For like a year where I live, the 911 provider did both interfacility transport (IFT) and 911, and they'd require their EMTs to do at least 6 months to be elgibile to work on a 911 unit I believe. A new provider came in, and they did 911 only, and they hired many people fresh from EMT school with no experience.

The same thing in one other county, but they didn't hure anybody for over a year and a half, and now they just hired some people.

Another county just opened up some 911 positions too.

And overall, there were no jobs when I got certified.
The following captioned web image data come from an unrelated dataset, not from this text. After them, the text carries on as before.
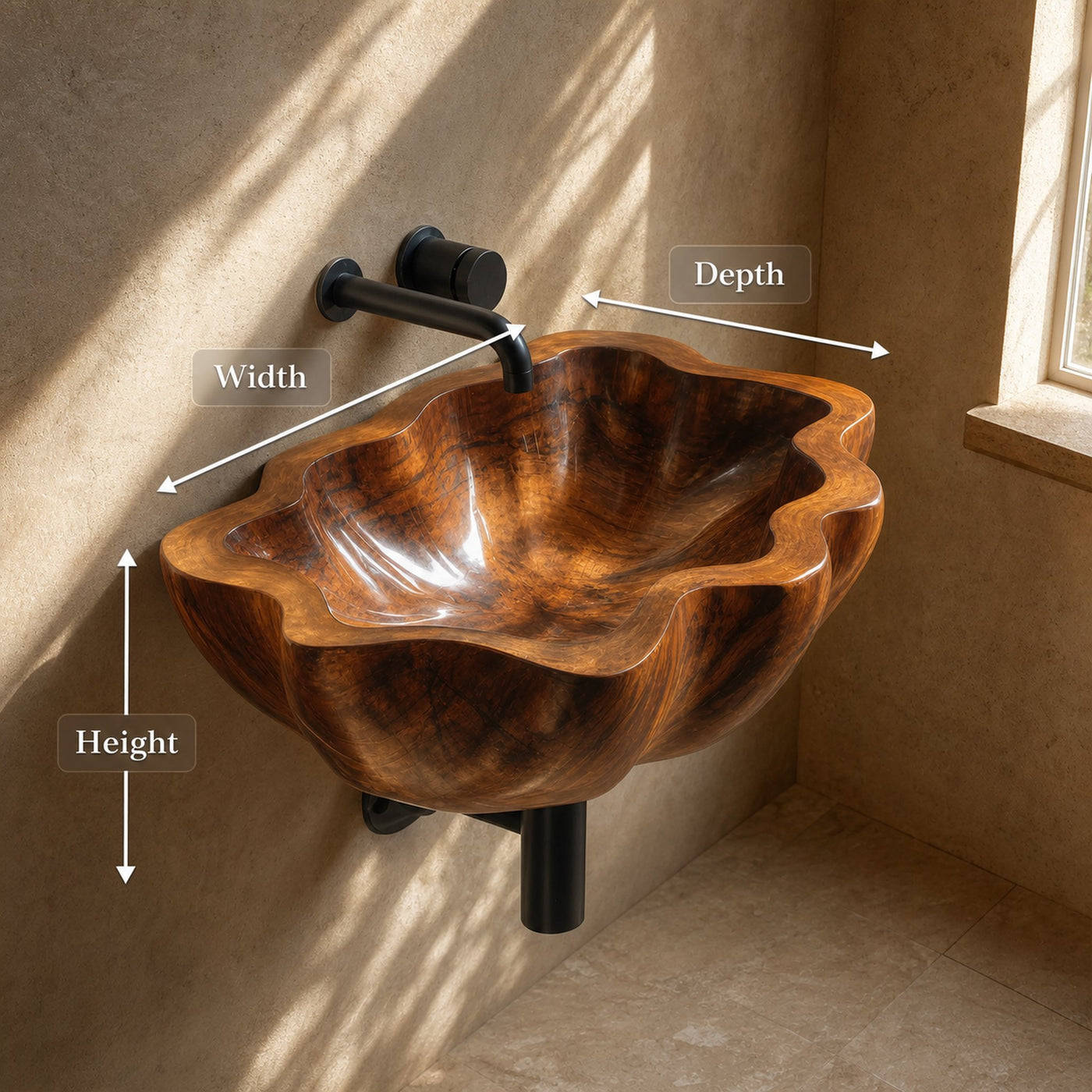 Handcrafted Solid Wood Wash Basin For Artistic Bathroom Interior Decor - product view 8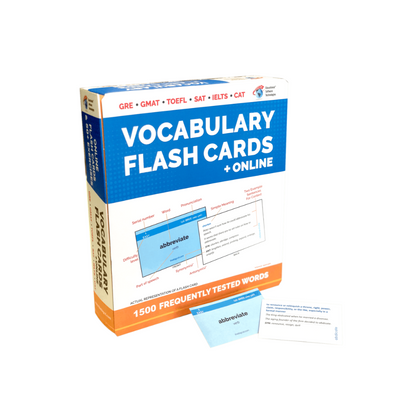 1500 VOCABULARY FLASH CARDS + ONLINE for GRE GMAT SAT CAT – HIGH QUALITY Vocabulary FLASH CARDS + 50 Online Exercises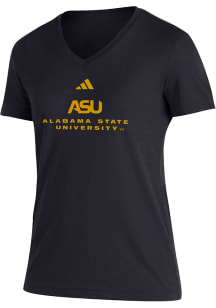 Adidas Alabama State Hornets Womens Black Blend Short Sleeve T-Shirt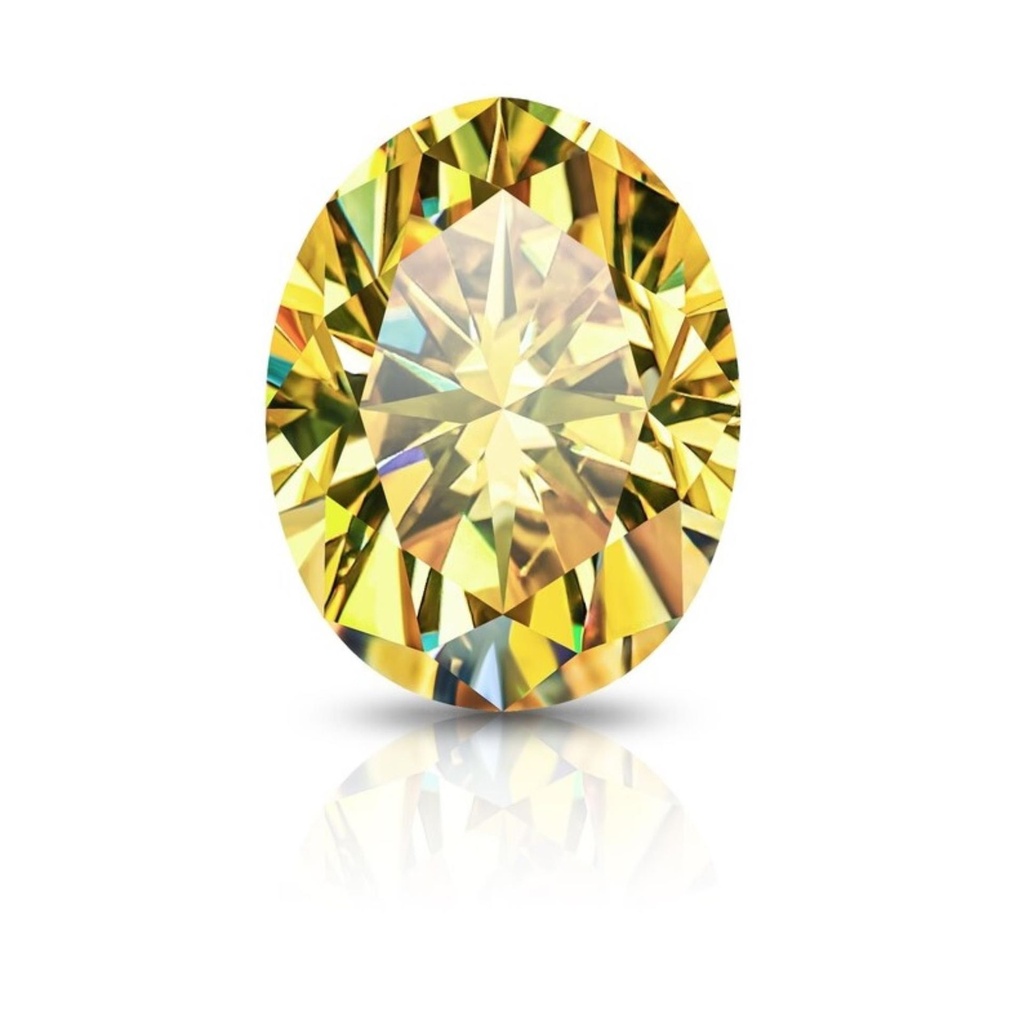 Loose Moissanite Canary Yellow Clean Oval Cut 9.00 x 7.00 MM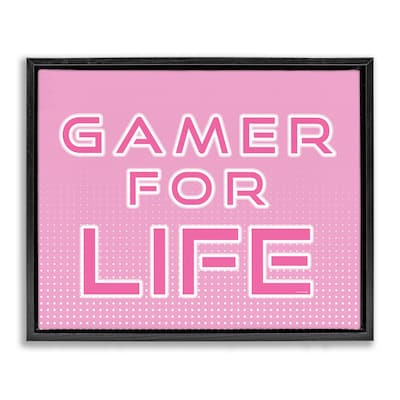 Stupell Pink Gamer For Life Framed Floater Canvas Wall Art Design By Yass Naffas Designs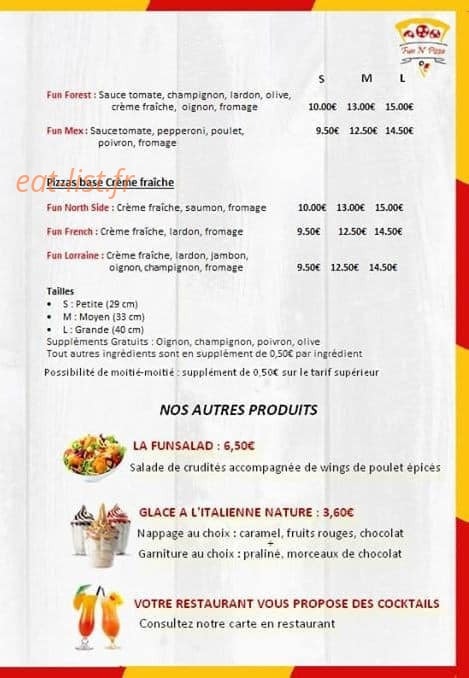Fun N' Pizza — carte page 3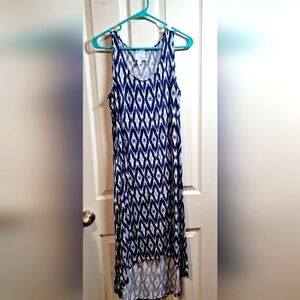 Sunday Brand Blue and White Sleeveless Dress Large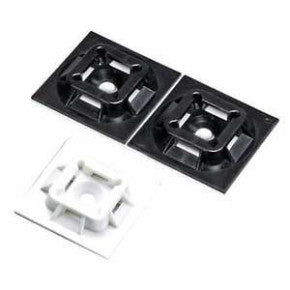 Panduit ABM100-A-C | ABM100-A-C Cable Tie Mount, White, PA 6.6, Rubber Adh., 1x1", PK100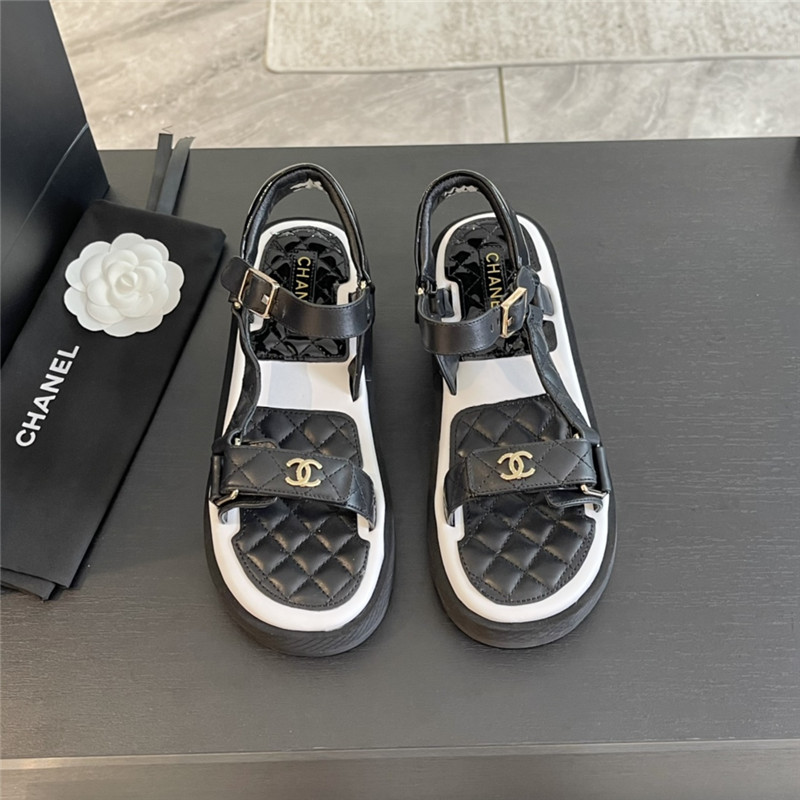 Ch**el quilted beach sandals black and white leather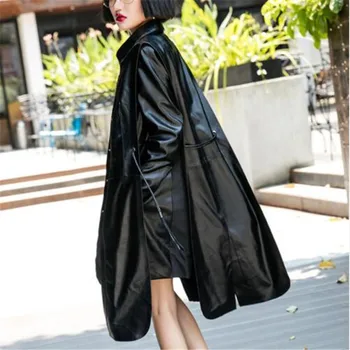 

2018 new fashion women clothes turn-down collar single breasted full sleeves drawstring PU jcket WC06701XL windbreaker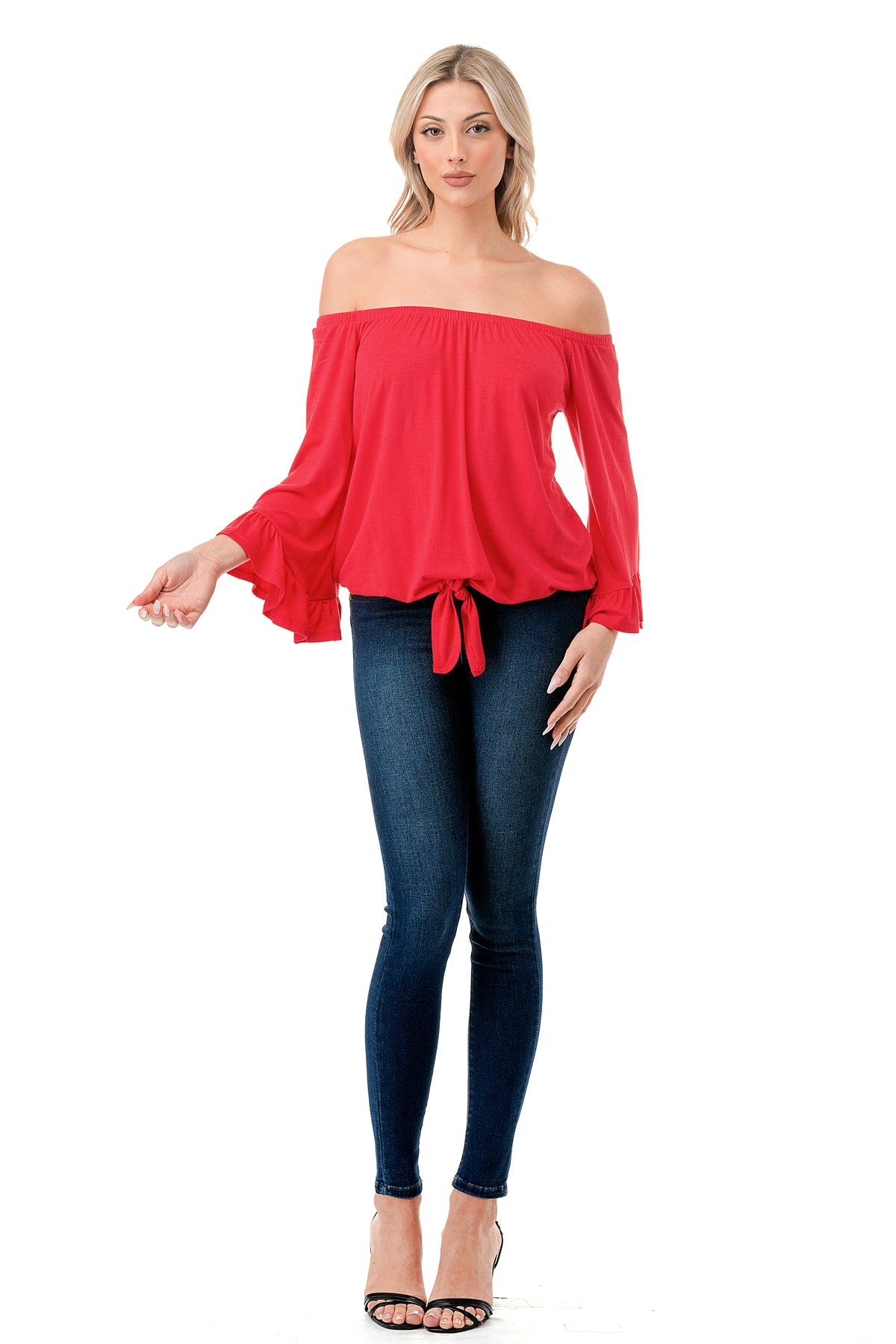 HARRIET OFF SHOULDER TOP (DARK CORAL)- VT2509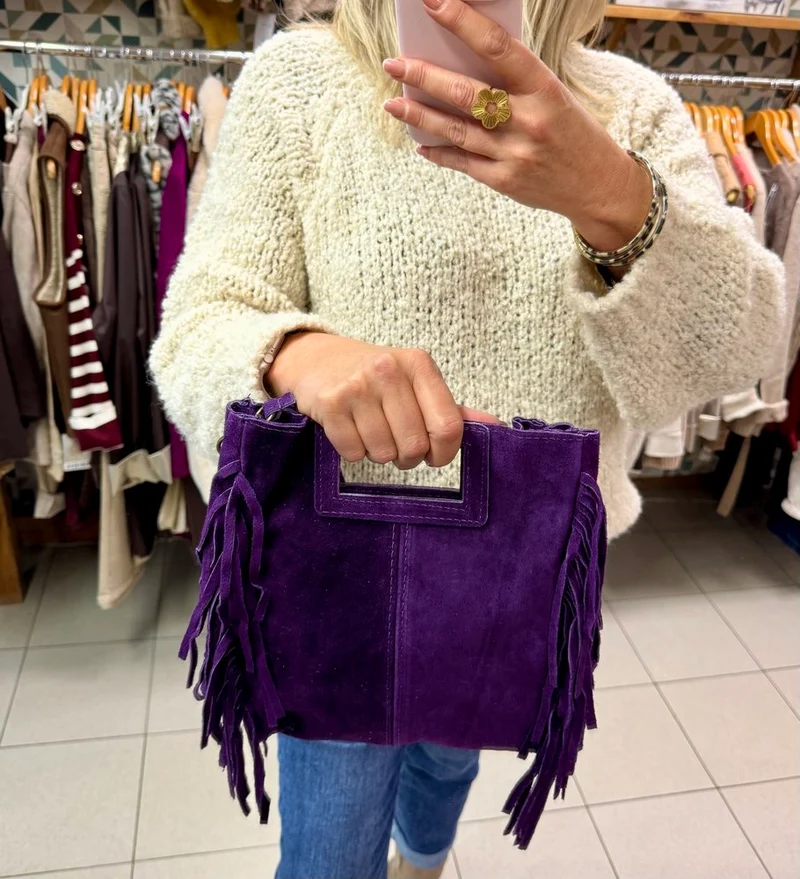 Sac en cuir Luciano aubergine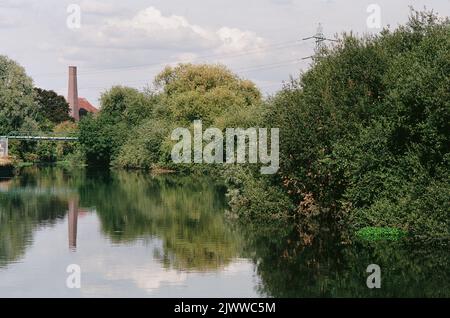 Die Lea Navigation in den Walthamstow Wetlands im Sommer, mit dem Maschinenhaus Gebäude im Hintergrund Stockfoto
It took me 13 months to get an EMT job at an IFT-only company (no 911). Now, for some reason, everybody is hiring in the area I work in....

I am assuming you live in Northern California, California is usually a little bit tougher to get an EMT job period, but if you'd like more specific information, you probably should post up the counties you're interested working in.


----------



## NorthCalEMT (Nov 7, 2012)

From Northern California but, currently live in north Orange County. So, I'm looking for jobs down in the northern OC or souther LAco area. However, if a job in northern CA with relatively decent pay and good experience running 911 calls was open and I could get hired I would definitely go back


----------



## Handsome Robb (Nov 7, 2012)

You're in one of, if not the toughest areas/states to get an EMT or Paramedic job in. 

If you are looking for OC or LaCO you need to get their county scope certifications. I can't tell you how to go about that seeing as I'm not from there but I'm 99% sure they are required for both those counties. 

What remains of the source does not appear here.